───── INPUT DATA

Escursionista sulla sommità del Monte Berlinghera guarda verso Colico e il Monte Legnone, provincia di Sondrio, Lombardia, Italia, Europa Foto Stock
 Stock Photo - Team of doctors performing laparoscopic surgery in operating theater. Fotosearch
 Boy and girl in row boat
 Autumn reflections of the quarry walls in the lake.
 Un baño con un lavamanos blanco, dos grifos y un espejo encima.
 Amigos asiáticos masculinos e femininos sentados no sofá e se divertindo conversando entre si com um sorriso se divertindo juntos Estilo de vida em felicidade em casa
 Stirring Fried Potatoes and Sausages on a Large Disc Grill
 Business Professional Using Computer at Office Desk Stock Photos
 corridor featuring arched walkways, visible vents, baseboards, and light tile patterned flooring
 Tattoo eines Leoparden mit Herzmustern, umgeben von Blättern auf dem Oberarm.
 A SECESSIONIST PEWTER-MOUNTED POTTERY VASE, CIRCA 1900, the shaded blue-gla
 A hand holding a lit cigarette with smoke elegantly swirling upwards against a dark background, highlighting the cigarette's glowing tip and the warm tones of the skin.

──────────

_WORK TO COMPLETE:_ Reproduce every line in the data that has the word "Stock" in it.

_WRITTEN SOLUTION:_
Escursionista sulla sommità del Monte Berlinghera guarda verso Colico e il Monte Legnone, provincia di Sondrio, Lombardia, Italia, Europa Foto Stock
 Stock Photo - Team of doctors performing laparoscopic surgery in operating theater. Fotosearch
 Business Professional Using Computer at Office Desk Stock Photos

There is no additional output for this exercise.